» **The problem**
While copying the entries exactly, leave out each picture they contain.

» **Provided data**
# # # #

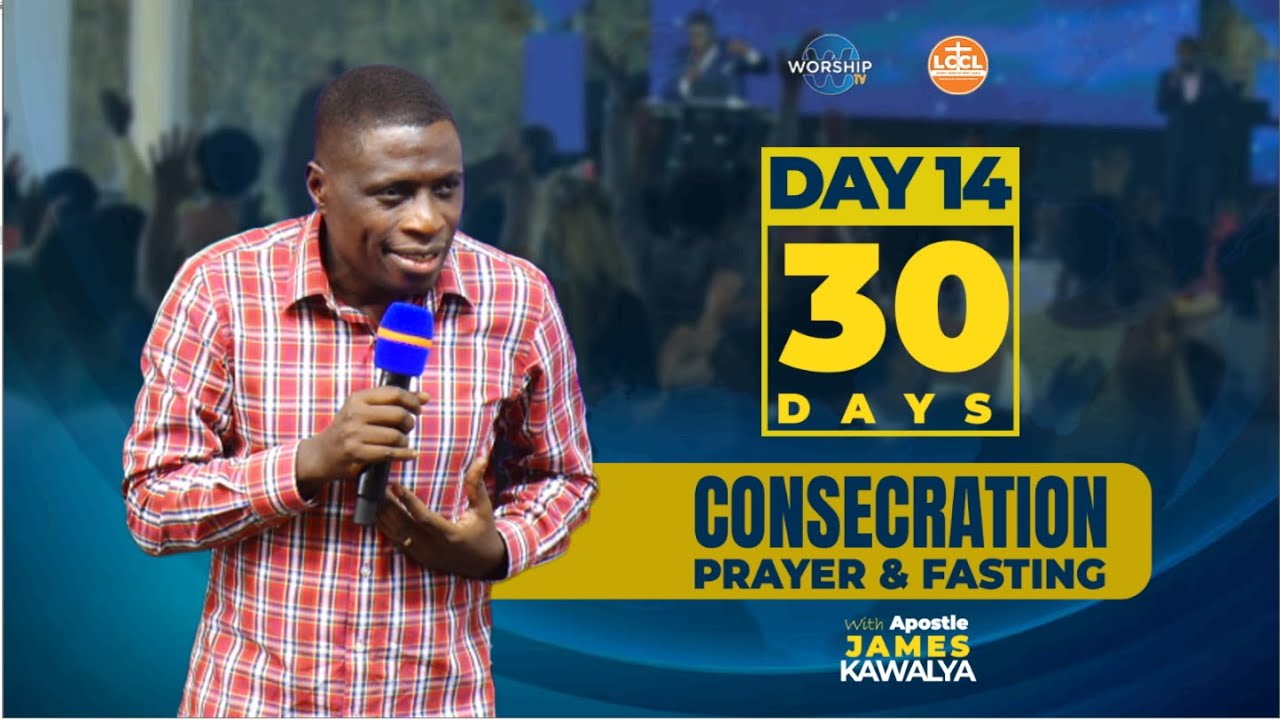 🛑DAY 14 || MORNING GLORY | 30 DAYS OF CONSECRATION PRAYER & FASTING ||   AP. JAMES KAWALYA
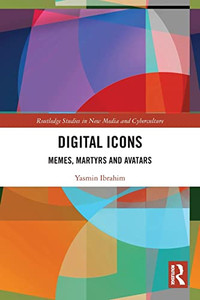 Digital Icons: Memes, Martyrs And Avatars (Routledge Studies In New Media And Cyberculture) Digital Icons: Memes, Martyrs And Avatars (Routledge Studies In New Media And Cyberculture)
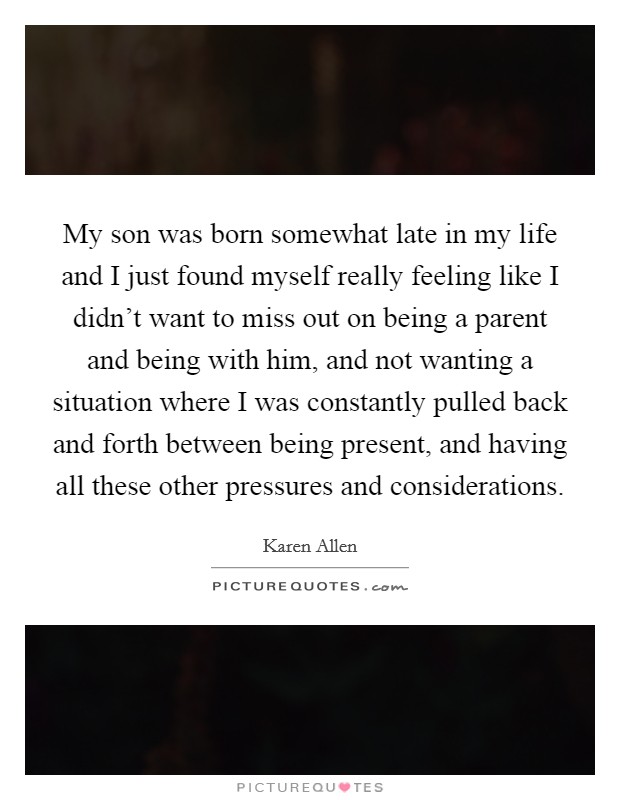 My son was born somewhat late in my life and I just found myself really feeling like I didn't want to miss out on being a parent and being with him, and not wanting a situation where I was constantly pulled back and forth between being present, and having all these other pressures and considerations. Picture Quote #1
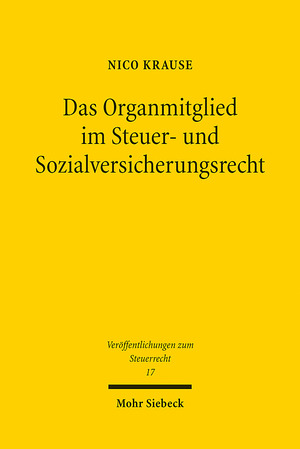 ISBN 9783161639111: Das Organmitglied im Steuer- und Sozialversicherungsrecht – Der Begriff der (Nicht-)Selbständigkeit als zivilrechtliche Vorfrage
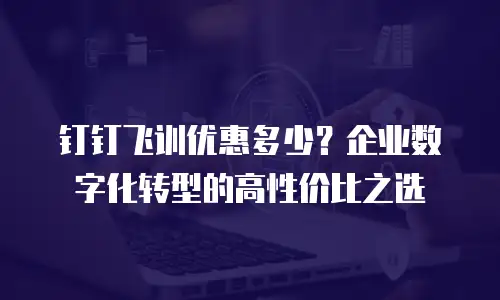 钉钉飞训优惠多少？企业数字化转型的高性价比之选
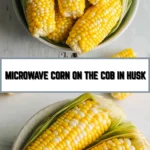 Microwave Corn on the Cob in Husk 10 Pinterest Hidden Image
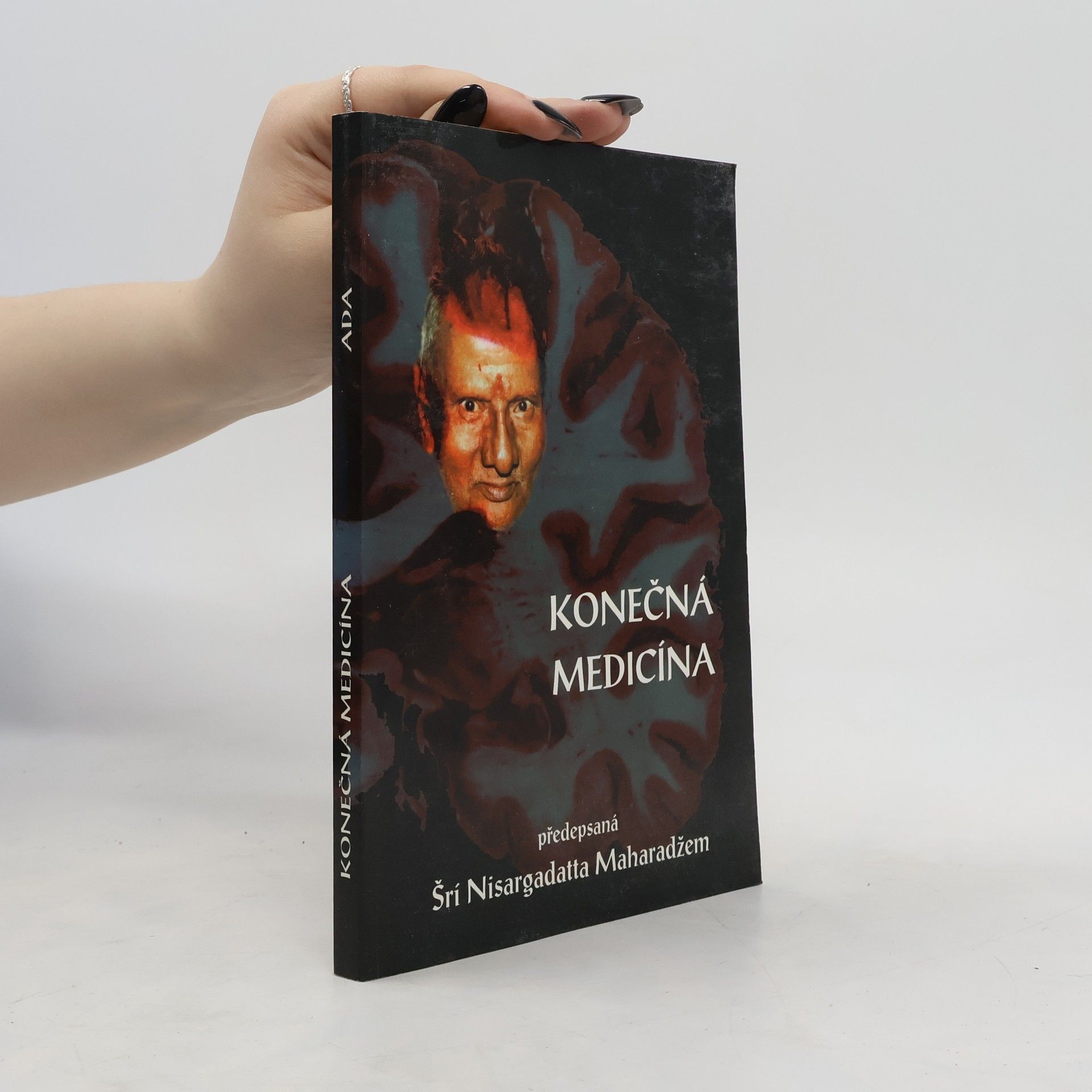 Nisargadatta Maharaj Konečná medicína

# # # #

» **Solution to this task**
 🛑DAY 14 || MORNING GLORY | 30 DAYS OF CONSECRATION PRAYER & FASTING ||   AP. JAMES KAWALYA
 Digital Icons: Memes, Martyrs And Avatars (Routledge Studies In New Media And Cyberculture) Digital Icons: Memes, Martyrs And Avatars (Routledge Studies In New Media And Cyberculture)
 My son was born somewhat late in my life and I just found myself really feeling like I didn't want to miss out on being a parent and being with him, and not wanting a situation where I was constantly pulled back and forth between being present, and having all these other pressures and considerations. Picture Quote #1
 ISBN 9783161639111: Das Organmitglied im Steuer- und Sozialversicherungsrecht – Der Begriff der (Nicht-)Selbständigkeit als zivilrechtliche Vorfrage
 钉钉飞训优惠多少？企业数字化转型的高性价比之选
 Microwave Corn on the Cob in Husk 10 Pinterest Hidden Image
 Nisargadatta Maharaj Konečná medicína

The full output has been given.